Work to be completed
Please copy the leading lines of the entries below exactly, concluding with the line in which "Metal Detectors for Beginners" occurs.

Listed entries
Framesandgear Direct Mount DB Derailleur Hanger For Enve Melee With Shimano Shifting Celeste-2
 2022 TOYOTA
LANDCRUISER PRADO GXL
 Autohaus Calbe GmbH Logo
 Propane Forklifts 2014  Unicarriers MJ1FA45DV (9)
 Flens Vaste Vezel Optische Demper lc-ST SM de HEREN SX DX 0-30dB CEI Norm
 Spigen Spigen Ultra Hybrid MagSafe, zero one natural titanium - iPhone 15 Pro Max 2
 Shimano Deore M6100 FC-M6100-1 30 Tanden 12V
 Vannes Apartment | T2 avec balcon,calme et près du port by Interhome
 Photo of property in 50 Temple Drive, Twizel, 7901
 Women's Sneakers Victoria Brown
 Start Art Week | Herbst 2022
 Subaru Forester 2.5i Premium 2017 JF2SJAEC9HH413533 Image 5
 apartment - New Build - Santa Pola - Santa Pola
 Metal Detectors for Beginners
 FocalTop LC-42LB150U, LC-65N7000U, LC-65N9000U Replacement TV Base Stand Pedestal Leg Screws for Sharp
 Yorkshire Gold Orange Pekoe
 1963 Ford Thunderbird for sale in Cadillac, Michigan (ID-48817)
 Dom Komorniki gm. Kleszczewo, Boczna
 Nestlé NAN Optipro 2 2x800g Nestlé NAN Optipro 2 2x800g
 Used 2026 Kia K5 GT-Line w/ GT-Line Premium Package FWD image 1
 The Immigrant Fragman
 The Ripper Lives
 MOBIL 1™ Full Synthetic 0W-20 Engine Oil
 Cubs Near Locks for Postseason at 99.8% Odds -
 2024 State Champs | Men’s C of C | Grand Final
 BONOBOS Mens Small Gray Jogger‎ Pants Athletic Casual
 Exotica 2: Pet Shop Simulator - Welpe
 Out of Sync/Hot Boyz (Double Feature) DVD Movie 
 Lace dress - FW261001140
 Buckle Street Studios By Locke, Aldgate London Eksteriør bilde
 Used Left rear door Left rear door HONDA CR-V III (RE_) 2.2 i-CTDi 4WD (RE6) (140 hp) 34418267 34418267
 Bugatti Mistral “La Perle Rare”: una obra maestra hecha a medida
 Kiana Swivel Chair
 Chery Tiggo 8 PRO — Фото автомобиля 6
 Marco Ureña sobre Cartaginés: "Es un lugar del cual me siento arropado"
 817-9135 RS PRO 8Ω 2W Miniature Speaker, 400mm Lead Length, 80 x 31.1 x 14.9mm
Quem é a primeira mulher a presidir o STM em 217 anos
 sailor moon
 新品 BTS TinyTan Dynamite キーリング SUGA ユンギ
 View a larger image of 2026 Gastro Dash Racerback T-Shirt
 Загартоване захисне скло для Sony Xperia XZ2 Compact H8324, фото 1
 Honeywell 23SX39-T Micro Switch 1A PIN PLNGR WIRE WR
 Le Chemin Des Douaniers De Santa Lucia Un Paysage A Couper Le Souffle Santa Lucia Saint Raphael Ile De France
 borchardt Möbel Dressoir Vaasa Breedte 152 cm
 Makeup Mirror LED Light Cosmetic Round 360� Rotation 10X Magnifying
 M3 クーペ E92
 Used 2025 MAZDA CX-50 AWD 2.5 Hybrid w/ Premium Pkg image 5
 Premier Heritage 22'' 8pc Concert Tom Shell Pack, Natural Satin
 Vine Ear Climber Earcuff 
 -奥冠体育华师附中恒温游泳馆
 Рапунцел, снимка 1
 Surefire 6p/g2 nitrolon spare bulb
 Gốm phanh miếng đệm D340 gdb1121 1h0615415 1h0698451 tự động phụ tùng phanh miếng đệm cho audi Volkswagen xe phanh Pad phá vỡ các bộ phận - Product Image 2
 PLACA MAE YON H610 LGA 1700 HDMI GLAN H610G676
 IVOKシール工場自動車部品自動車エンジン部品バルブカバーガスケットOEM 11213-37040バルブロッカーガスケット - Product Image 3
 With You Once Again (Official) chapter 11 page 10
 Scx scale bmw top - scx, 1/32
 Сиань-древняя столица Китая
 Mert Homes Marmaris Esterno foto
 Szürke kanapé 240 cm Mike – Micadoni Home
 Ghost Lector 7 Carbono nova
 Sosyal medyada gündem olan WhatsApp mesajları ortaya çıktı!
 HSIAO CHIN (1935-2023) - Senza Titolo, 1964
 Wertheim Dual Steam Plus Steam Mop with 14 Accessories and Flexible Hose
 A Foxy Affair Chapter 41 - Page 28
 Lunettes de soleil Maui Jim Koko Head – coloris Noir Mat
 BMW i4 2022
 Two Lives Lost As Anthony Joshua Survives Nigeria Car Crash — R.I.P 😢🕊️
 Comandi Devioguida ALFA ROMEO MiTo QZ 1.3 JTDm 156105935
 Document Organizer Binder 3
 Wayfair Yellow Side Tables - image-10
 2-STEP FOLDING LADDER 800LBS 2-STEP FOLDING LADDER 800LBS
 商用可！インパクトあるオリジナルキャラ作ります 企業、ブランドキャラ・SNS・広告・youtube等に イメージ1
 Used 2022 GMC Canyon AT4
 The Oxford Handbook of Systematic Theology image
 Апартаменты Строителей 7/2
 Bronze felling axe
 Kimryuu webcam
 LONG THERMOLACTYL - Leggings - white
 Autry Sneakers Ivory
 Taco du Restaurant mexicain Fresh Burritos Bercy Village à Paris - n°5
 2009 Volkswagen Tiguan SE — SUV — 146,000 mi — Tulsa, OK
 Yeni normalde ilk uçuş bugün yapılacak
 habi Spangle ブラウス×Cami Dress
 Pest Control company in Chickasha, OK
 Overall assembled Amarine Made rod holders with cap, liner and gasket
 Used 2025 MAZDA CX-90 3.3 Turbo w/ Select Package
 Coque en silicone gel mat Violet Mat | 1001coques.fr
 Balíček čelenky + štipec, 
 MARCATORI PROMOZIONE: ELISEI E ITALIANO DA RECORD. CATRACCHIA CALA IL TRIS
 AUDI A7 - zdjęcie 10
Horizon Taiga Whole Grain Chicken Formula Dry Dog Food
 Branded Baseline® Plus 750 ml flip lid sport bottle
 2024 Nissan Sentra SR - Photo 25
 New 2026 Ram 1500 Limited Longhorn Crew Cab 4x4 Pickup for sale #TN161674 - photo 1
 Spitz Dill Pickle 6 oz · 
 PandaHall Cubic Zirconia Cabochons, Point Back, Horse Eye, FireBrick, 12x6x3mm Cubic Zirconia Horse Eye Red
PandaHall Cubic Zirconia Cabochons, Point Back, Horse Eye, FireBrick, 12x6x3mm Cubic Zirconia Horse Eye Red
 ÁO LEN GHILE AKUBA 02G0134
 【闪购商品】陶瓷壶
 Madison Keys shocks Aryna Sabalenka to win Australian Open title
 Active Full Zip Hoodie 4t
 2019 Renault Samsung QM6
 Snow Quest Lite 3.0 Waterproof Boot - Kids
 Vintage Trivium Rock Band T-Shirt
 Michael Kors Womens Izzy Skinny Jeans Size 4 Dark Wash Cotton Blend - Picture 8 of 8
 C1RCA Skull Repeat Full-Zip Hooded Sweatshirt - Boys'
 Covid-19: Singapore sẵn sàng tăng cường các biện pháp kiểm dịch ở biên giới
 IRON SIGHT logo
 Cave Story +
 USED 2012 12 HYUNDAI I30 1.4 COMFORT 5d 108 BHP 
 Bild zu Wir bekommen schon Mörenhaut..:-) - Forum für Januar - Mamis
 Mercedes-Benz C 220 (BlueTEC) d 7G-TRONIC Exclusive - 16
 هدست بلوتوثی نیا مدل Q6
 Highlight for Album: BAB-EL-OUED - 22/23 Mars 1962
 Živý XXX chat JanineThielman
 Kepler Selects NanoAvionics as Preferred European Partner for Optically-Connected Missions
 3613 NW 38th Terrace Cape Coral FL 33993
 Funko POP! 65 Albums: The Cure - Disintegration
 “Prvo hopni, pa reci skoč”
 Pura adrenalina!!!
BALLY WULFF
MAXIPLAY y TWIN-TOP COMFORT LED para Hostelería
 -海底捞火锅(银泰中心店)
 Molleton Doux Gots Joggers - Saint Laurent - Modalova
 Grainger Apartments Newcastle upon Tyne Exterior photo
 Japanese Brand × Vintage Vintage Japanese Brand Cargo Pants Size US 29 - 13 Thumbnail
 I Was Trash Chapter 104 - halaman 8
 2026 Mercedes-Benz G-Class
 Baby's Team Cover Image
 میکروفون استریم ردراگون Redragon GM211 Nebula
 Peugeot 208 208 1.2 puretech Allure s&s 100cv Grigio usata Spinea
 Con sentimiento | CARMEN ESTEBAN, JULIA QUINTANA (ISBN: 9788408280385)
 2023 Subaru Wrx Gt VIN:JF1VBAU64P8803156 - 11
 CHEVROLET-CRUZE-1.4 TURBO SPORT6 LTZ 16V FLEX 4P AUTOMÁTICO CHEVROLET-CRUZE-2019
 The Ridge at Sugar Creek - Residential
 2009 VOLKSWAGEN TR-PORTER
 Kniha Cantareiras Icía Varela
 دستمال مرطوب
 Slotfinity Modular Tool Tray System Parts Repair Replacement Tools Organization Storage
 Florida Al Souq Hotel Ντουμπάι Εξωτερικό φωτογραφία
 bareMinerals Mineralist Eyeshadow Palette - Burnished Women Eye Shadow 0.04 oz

Exercise result
Framesandgear Direct Mount DB Derailleur Hanger For Enve Melee With Shimano Shifting Celeste-2
 2022 TOYOTA
LANDCRUISER PRADO GXL
 Autohaus Calbe GmbH Logo
 Propane Forklifts 2014  Unicarriers MJ1FA45DV (9)
 Flens Vaste Vezel Optische Demper lc-ST SM de HEREN SX DX 0-30dB CEI Norm
 Spigen Spigen Ultra Hybrid MagSafe, zero one natural titanium - iPhone 15 Pro Max 2
 Shimano Deore M6100 FC-M6100-1 30 Tanden 12V
 Vannes Apartment | T2 avec balcon,calme et près du port by Interhome
 Photo of property in 50 Temple Drive, Twizel, 7901
 Women's Sneakers Victoria Brown
 Start Art Week | Herbst 2022
 Subaru Forester 2.5i Premium 2017 JF2SJAEC9HH413533 Image 5
 apartment - New Build - Santa Pola - Santa Pola
 Metal Detectors for Beginners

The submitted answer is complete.